On peut évoquer le possible lien entre milieu social et “conscience écologique” et l’idée que lorsqu’on est étudiant à HEC, et a priori issu d’un milieu plus aisé que la moyenne, on peut sans doute plus facilement refuser un stage dans un groupe pétrolier, et faire valoir ses idéaux, que lorsqu’on vient d’un milieu modeste et qu’on s’imagine moins faire la fine bouche. Effectivement, cela demande probablement un peu plus “d’abnégation” d’être tatillon sur le choix d’une entreprise quand on sort d’un milieu favorisé et d’une grande école. Paradoxalement, malgré une conscience écologique forte, nous avons malgré tout une empreinte écologique (beaucoup) plus élevée que la moyenne puisque nous sommes plus sujets à voyager (en avion), acheter du matériel informatique neuf, occuper des logements vastes…



Madeleine, 26 ans

J’ai fait 3 stages de 6 mois dans des plus ou moins grosses structures en marketing (assistante chef de produit) dans le secteur de l’alimentaire : Bjorg Bonneterre et Compagnie, St Hubert puis Lactalis Nestlé.

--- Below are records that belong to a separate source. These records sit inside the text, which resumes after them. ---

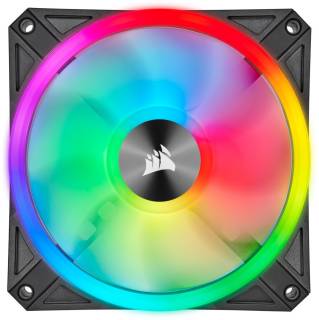 Вентилятор Corsair QL120 RGB CO-9050097-WW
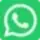 WHATSAPP AGEN IDN POKER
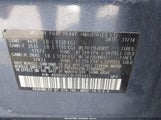Subaru Outback 2.5I Premium 4S4BSACC0F3258455 снимка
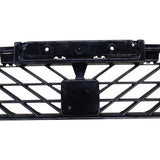 Cupra Formentor front bumper lower grill 2019-2023 Genuine 5FF853667A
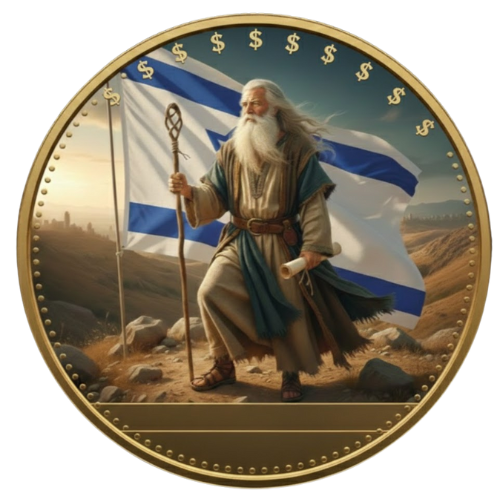 smartiep4nts's tweet image. this narrative is so crazy it doesn't even feel real

tiktok normies will be all over $profit by tomorrow.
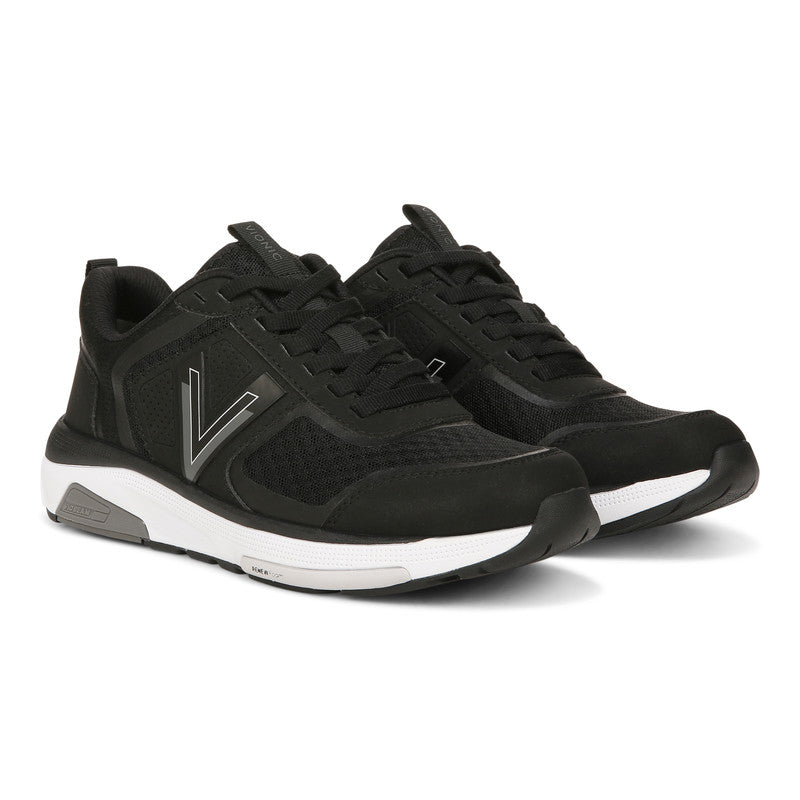 VIONIC Walk Strider (Wide)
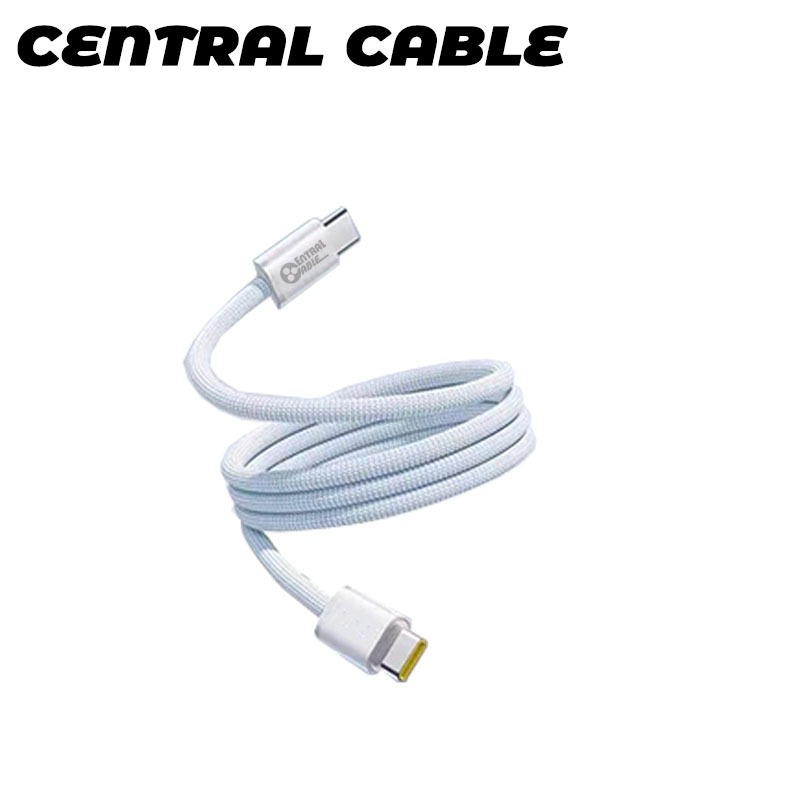 Toko Online Central Cable Official Store | Shopee Indonesia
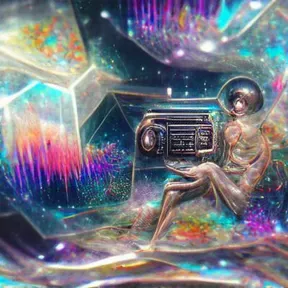 Index Radio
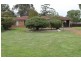 5 Humphrey Street, Pinjarra WA 6208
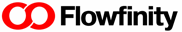 Flowfinity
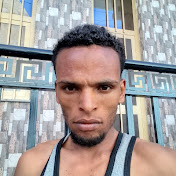 Profile Picture of Fuad Hassan (@fuadHassan-it6zc) on Youtube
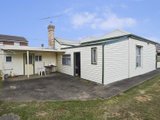 https://images.listonce.com.au/custom/160x/listings/35-37-yuille-street-geelong-west-vic-3218/607/01699607_img_07.jpg?pYUwGa2Yl6g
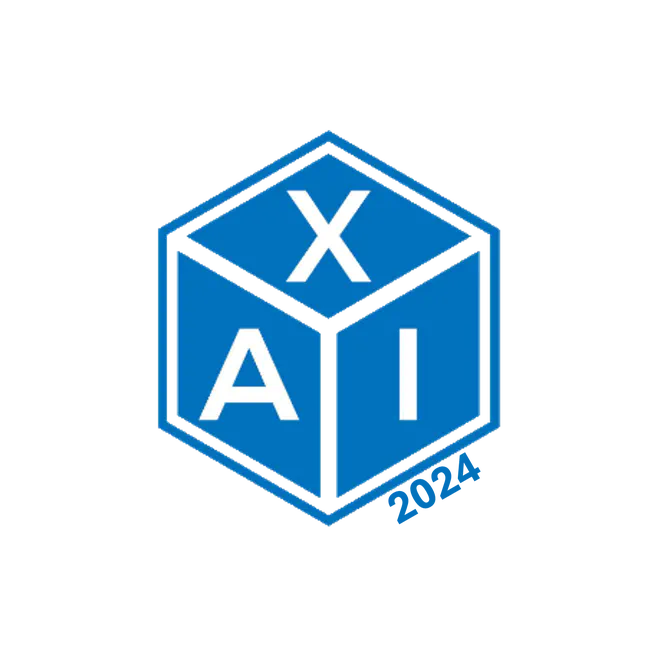 Explain’AI Workshop - EGC 2024, Dijon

Ces différentes expériences ont été très intéressantes en stage, j’ai appris l’analyse d’un produit et d’un marché, l’argumentation de vente, le travail de nouveaux produits avec les équipes commerciales et R&D, le lancement d’une innovation et la communication ainsi que les techniques promotionnelles… C’est fascinant dans un 1er temps…

Puis il y a aussi la frustration de ne pas vraiment pouvoir faire évoluer les problématiques qu’on a : tel ou tel produit n’est pas très bon pour la santé mais si on change la recette on risque de perdre les consommateurs adeptes de la marque, de ne pas pouvoir réellement faire bouger les choses, de n’avoir qu’une vision restreinte du cheminement total du produit (et pas du producteur au consommateur).

J’ai donc recherché un projet qui m’intéressait plus, avec une dimension plus sociale et environnementale, où l’on pourrait faire changer les choses même à une plus petite échelle. J’ai recherché une plus petite entreprise où il y a davantage de communication et d’échanges tous ensemble, où mon avis serait pris en compte avant d’avoir 10 ans d’expérience au sein de la structure, une entreprise avec plus de sens.

Parcours de Nicolas Chabanne :

Ardéchois d’origine, Nicolas Chabanne crée avec sa sœur le label Le Petit Producteur en 2009. Il lance ensuite Les Gueules cassées, un concept qui favorise la vente de fruits et légumes moches qui lui vaut les éloges du New York Times dans un article intitulé « Save the planet, eat ugly ». En 2015, il lance l’idée d’une marque de lait équitable en se basant sur le prix minimal que devait percevoir le producteur pour pouvoir vivre, et reçoit le prix de l’audace marketing de HEC. En 2016 les premières briques de lait C'est qui le patron ? sont produites.